Let’s create and read an avro file.

import com.egkatzioura.avro.model.RequestMetric;
import org.apache.avro.file.DataFileReader;
import org.apache.avro.file.DataFileWriter;
import org.apache.avro.io.DatumReader;
import org.apache.avro.specific.SpecificDatumReader;
import org.apache.avro.specific.SpecificDatumWriter;

import java.io.File;
import java.io.IOException;


public class Application {

    public static void main(String[] args) throws IOException {
        RequestMetric a = new RequestMetric();
        a.setEndpoint("/a");
        a.setStatus(200);
        a.setCreatedAt(System.currentTimeMillis());

        RequestMetric b = new RequestMetric();
        b.setEndpoint("/b");
        b.setStatus(201);
        b.setCreatedAt(System.currentTimeMillis());

        File file = new File("metric.avro");

        SpecificDatumWriter<RequestMetric> datumWriter = new SpecificDatumWriter<>(RequestMetric.class);

        try(DataFileWriter<RequestMetric> dataFileWriter = new DataFileWriter<>(datumWriter)) {
            dataFileWriter.create(a.getSchema(), file);
            dataFileWriter.append(a);
            dataFileWriter.append(b);
        }

        DatumReader<RequestMetric> datumReader = new SpecificDatumReader<>(RequestMetric.class);
        DataFileReader<RequestMetric> dataFileReader = new DataFileReader<>(file, datumReader);
        RequestMetric requestMetric= null;
        while (dataFileReader.hasNext()) {
            requestMetric = dataFileReader.next(requestMetric);
            System.out.println(requestMetric);
        }

    }
}

We did write the Avro file and also we read from it. We don’t have to serialize our data into a file we can also do so in memory.

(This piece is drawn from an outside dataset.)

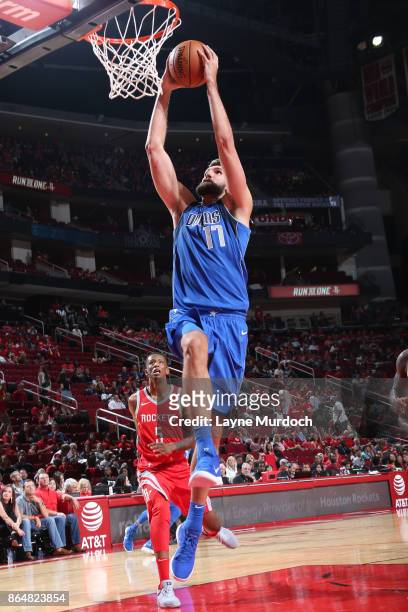 Jeff Withey of the Dallas Mavericks dunks against the Houston Rockets on October 21, 2017 at the Toyota Center in Houston, Texas. NOTE TO USER: User...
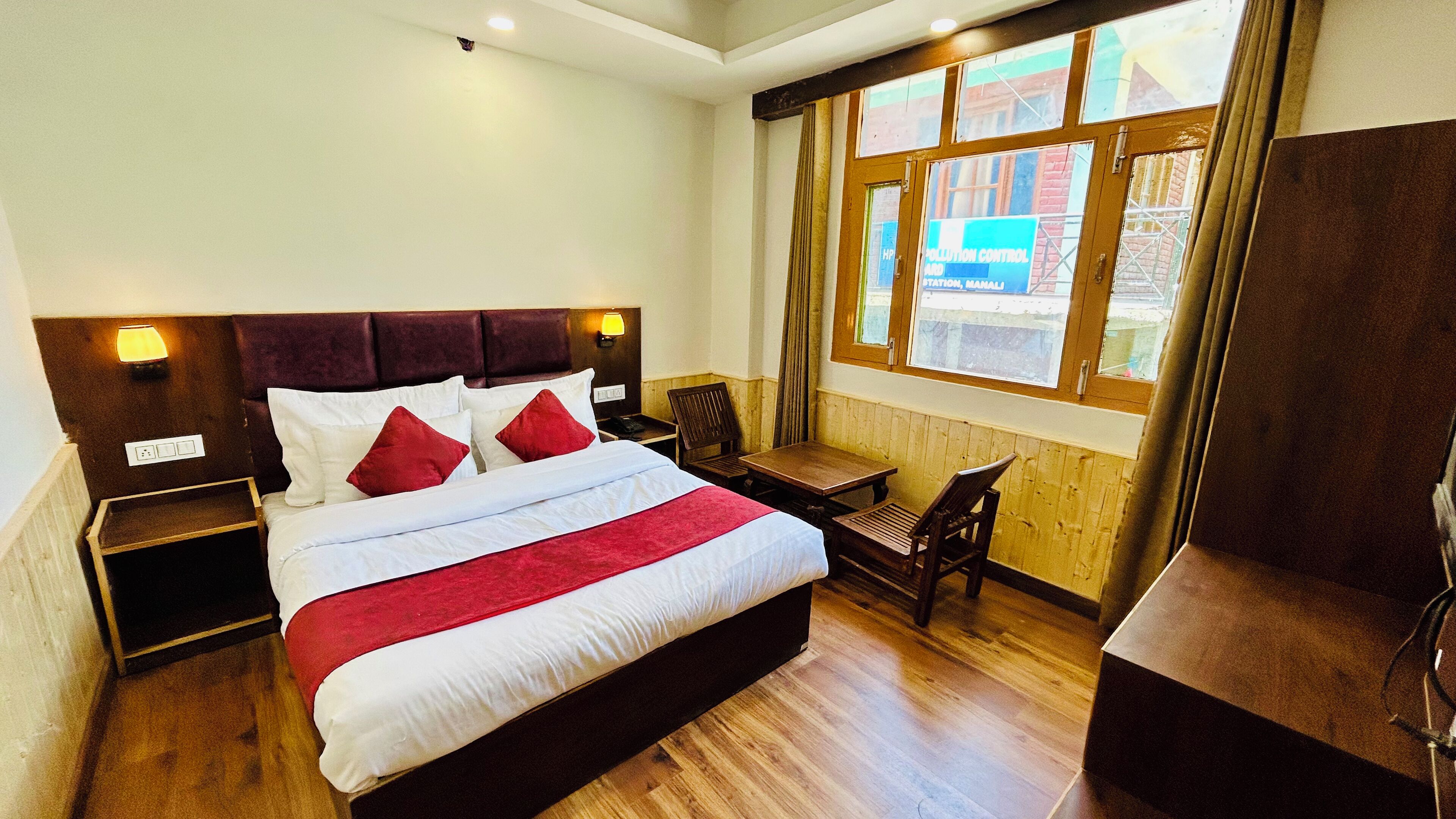 A hotel room with a large bed, bedside tables, a desk, and a window with a view of the outside.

package com.egkatzioura.avro;

import com.egkatzioura.avro.model.RequestMetric;
import org.apache.avro.file.DataFileReader;
import org.apache.avro.file.DataFileWriter;
import org.apache.avro.io.*;
import org.apache.avro.specific.SpecificDatumReader;
import org.apache.avro.specific.SpecificDatumWriter;

import java.io.*;


public class InMemoryExample {

    public static void main(String[] args) throws IOException {
        RequestMetric a = new RequestMetric();
        a.setEndpoint("/a");
        a.setStatus(200);
        a.setCreatedAt(System.currentTimeMillis());

        RequestMetric b = new RequestMetric();
        b.setEndpoint("/b");
        b.setStatus(201);
        b.setCreatedAt(System.currentTimeMillis());

        ByteArrayOutputStream outputStream = new ByteArrayOutputStream();
        Encoder encoder = EncoderFactory.get().directBinaryEncoder(outputStream, null);
        SpecificDatumWriter<RequestMetric> datumWriter = new SpecificDatumWriter<>(RequestMetric.class);

        datumWriter.write(a, encoder);
        datumWriter.write(b, encoder);
        encoder.flush();

        outputStream.close();
        byte[] bytes = outputStream.toByteArray();

        DatumReader<RequestMetric> datumReader = new SpecificDatumReader<>(RequestMetric.class);

        datumReader.setSchema(a.getSchema());


        try(ByteArrayInputStream inputStream = new ByteArrayInputStream(bytes)) {
            Decoder decoder = DecoderFactory.get().directBinaryDecoder(inputStream, null);

            while(true){
                try {
                    RequestMetric record = datumReader.read(null, decoder);
                    System.out.println(record);
                } catch (EOFException eof) {
                    break;
                }
            }
        }
    }

}

That’s all for now, we specified an Avro schema, generated the model and read and wrote Avro records.